駆け出す。——『さよならデパート』ができるまで(4)
飲食業はたいてい、働く時間が長い。
私の場合は、朝の7時に起きる。8時前に小学生の娘の見送りをして、そこから仕込みを始める。ポテトサラダ用のじゃがいもを茹でて下味を付けたり、チーズをさっと燻したりだ。
午前中に買い出しを済ませ、店に戻ったら中断していた仕込みを再開する。お客さんが来る頃には、仕事を開始してからすでに8時間以上経っていることも多い。会社員時代に照らし合わせると、店先にのれんを掛けるのは残業の合図みたいなものだ。
まあ、それはそれで慣れてしまったし、そういう仕事を選択したわけなのでいいのだが、本も作るとなれば話が変わってくる。
仕込みと買い出しに加えて、資料収集や調査、取材もしなければならないのだ。コロナの影響で予約は減っている。日中2時間ほど確保できないこともない。
だけど、「この後、お客さんが来る」という心理状態でそれらをこなすのは、なかなか難しい。私の性分かもしれないが、そわそわして他のことに集中できないのだ。いろいろと備えておかなきゃいけないような気になり、どうも店のことばかり考えてしまう。
そんな暮らしをしているうちに、2020年の終わりが近づいてきた。
休業を決心した。
幸い、と表すべきではないのだろうが、その頃にはコロナ関連で飲食店へいろいろな給付金が出ていた。うちのようなひとり法人なら、しばらく収入を止めてもすぐに破綻することはない。
本来ならばその蓄えを取り崩しながら営業して、コロナ禍が明けるまで耐えるべきなのだろう。私の場合は、自社に「出版」という柱を据えるために貯蓄を投入する道を選んだ。

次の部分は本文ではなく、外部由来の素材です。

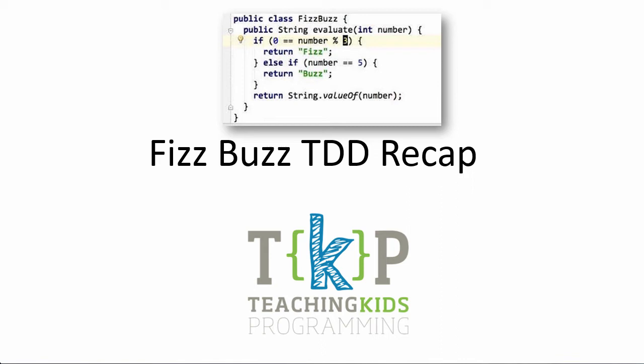You've just finished the FizzBuzz test-driven development course. We're going to go over it one more time, just so you can pick up on some of the stuff you learned.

よく行く居酒屋で家族に打ち明けると、快く許してくれた。
「飲食店ばっかり、いいよね」
周りからはそんな声も聞こえてきた。というよりも、面と向かって言われた。
確かに。
給付金など「焼け石に水」で、大変な思いをされている飲食店は少なくない。ただし私の場合に限定すれば、「いいよね」と羨ましがられる状況だったのかもしれない。
「仕事はしない」「収入もない」「1日じゅう本づくりをする」
実際、こんな環境は大人になってからでは手に入らない。
裏の庭から石油が湧き出てきた、とかでもないかぎり不可能だ。それに、うちに庭はない。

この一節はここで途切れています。